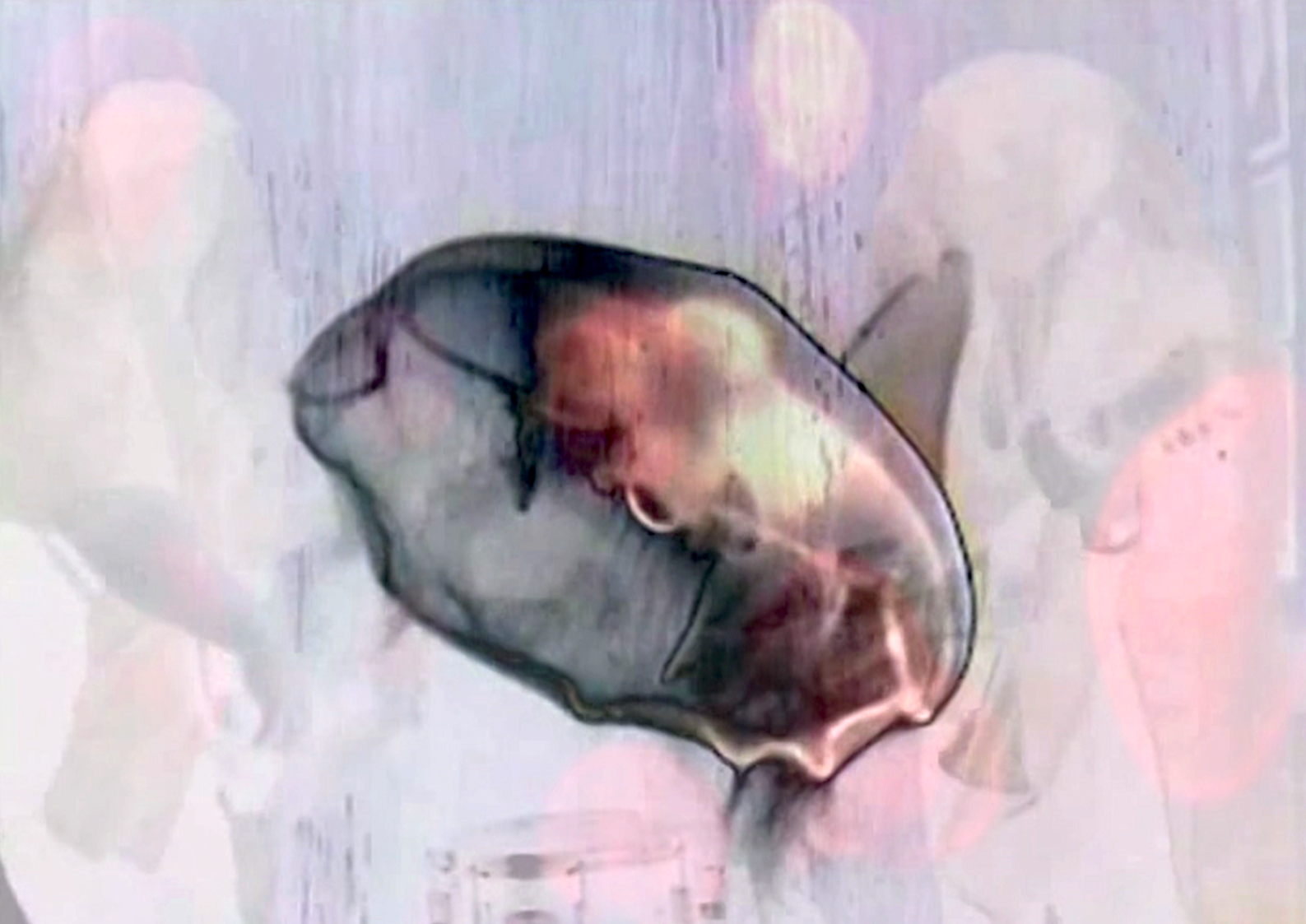 Save The Jellyfish 7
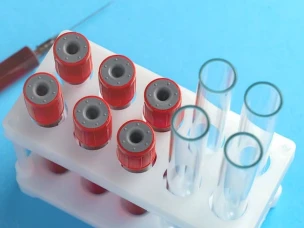 О диагностике ВИЧ-инфекции и профилактике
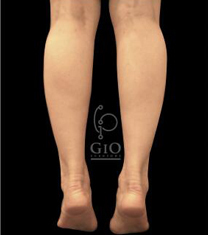 韩国GIO整形外科-韩国GIO整形外科小腿整形案例对比图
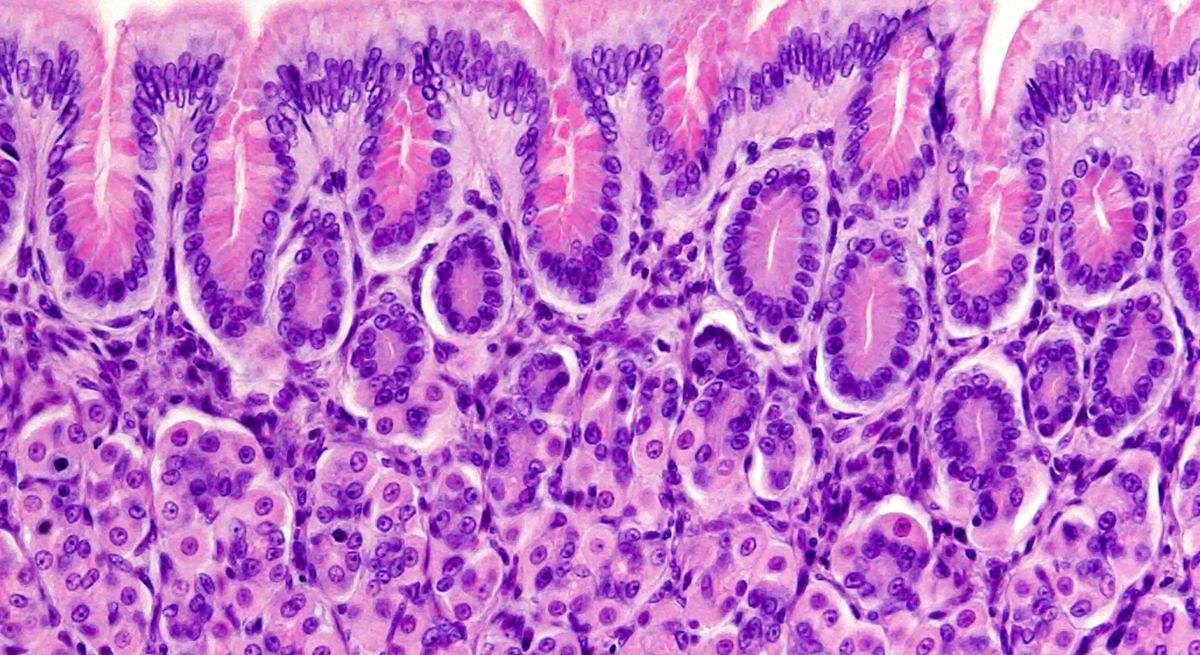 Debilitar la mucosa gástrica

» **Goal of the exercise**:
I need the lines from the line holding "О диагностике ВИЧ-инфекции и профилактике" through the end of the material, inclusive, restated word for word and without pictures.

» **Exercise response**:
 О диагностике ВИЧ-инфекции и профилактике
 韩国GIO整形外科-韩国GIO整形外科小腿整形案例对比图
 Debilitar la mucosa gástrica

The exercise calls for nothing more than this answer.